L’interesse per questo paese – che comunque non ha mancato di mietere le sue vittime tra arrestati e uccisi durante le rivolte nei Paesi sopra citati – non è però sceso in ambito sia giornalistico che culturale a livello internazionale.
Ne è dimostrazione il fatto che a Londra è stato inaugurato quest’anno il Festival del Cinema Iraniano, il quale ha raccolto più di 60 tra le migliori pellicole tra quelle prodotte negli ultimi anni.
Il Cittadino era presente il giorno dell’inaugurazione con una sua inviata e ha avuto l’occasione di intervistare Hossein Khosrojerdi, l’artista contemporaneo d’avanguardia scelto come membro di giuria del Festival.
Dopo i tragici eventi del giugno 2009 che hanno portato all’uccisione di Neda Agha Soltan e alla rielezione di Ahmadinejad, Khosrojerdi ha deciso di lasciare l’Iran e si è stabilito a Londra dove vive da un anno e mezzo contribuendo alla promozione della cultura iraniana in Gran Bretagna.
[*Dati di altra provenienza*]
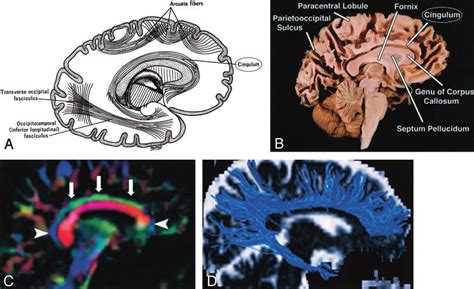 Cingulum, sagittal view. A, Illustration shows the cingulum arching ...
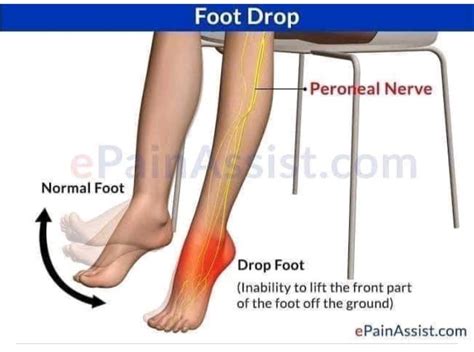 Peroneal Nerve Foot Drop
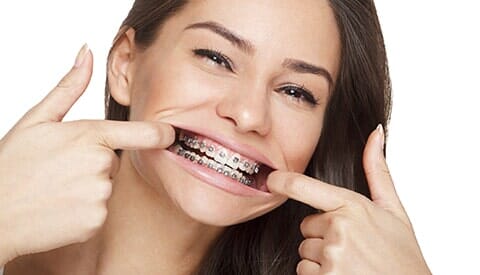 Smile with Braces — Braces in Banning, CA Smile with Braces — Braces in Banning, CA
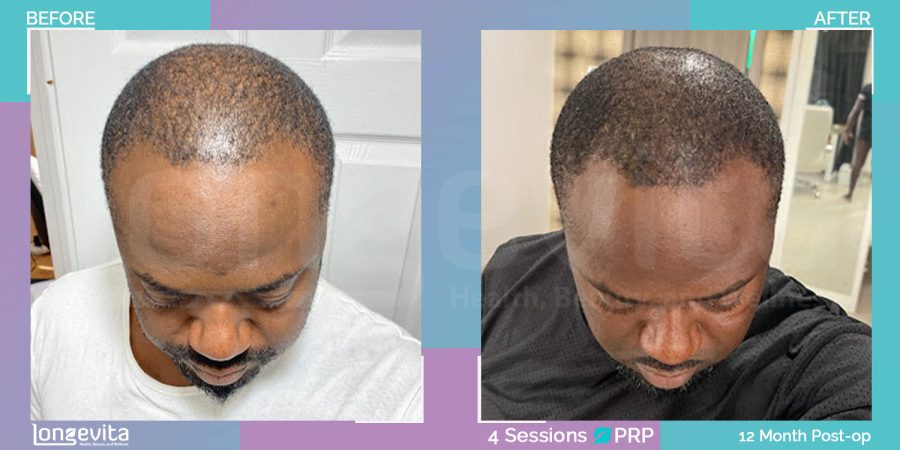 PRP hair transplant before and after, 20s male patient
“Sono onorato di far parte della giuria di questo Festival”, ha detto l’artista, “credo che il cinema iraniano abbia molto da comunicare al resto del mondo”
Grazie all’opera di registi come Mohsen Makhmalbaf il cinema iraniano è famoso in tutto il mondo per la sua tendenza ai significati nascosti, alle atmosfere meditative e silenziose e gli intenti puramente concettuali.
“Credo che il cinema iraniano abbia delle peculiarità non solo nei contenuti, ma anche nel modo in cui li mette in scena, nell’uso della luce nella fotografia”, ha detto Hossein, che è famoso soprattutto come pittore e fotografo.
“Un lavoro di resistenza”
Hossein Khosrojerdi ci racconta la rinascita e l’evoluzione della cultura e del cinema in particolare iraniani dopo la rivoluzione.
Non solo come dice Pejman Danagi, organizzatore del Festival, il cinema iraniano è “un lavoro di resistenza”, ma dopo le due rivoluzioni – quella del ’79 e quella del 2009 – la vita culturale del paese è profondamente cambiata.
“Sembra strano, ma da dopo le rivoluzioni l’attività intellettuale in Iran ha come subito una forte accelerata. Soprattutto, fino ai tempi dell’Ayatollah Khomeini, esisteva una visione omogenea della cultura iraniana, dopo la rivoluzione tutto il sistema di valori allora di riferimenti si è definitivamente sfaldato e gli artisti hanno iniziato a cercare nuovi significati in direzioni diverse, hanno iniziato a sperimentare,” dice Hossein.
Era questo in fondo lo scopo del Festival organizzato a Londra: mostrare i risultati di queste sperimentazioni al pubblico inglese e restituire un’immagine aggiornata e scevra di pregiudizi della cultura iraniana contemporanea.
“In Iran tutto è duro da portare a termine. La censura agisce costantemente sul lavoro degli artisti, come su quello dei registi e quello dei giornalisti. Penso però che un’iniziativa come quella di un Festival iraniano a Londra sia fondamentale per rendere giustizia a tutti quelli che quotidianamente cercano di fare qualcosa per riscattare il paese dall’oppressione del regime”, ha concluso Hossein.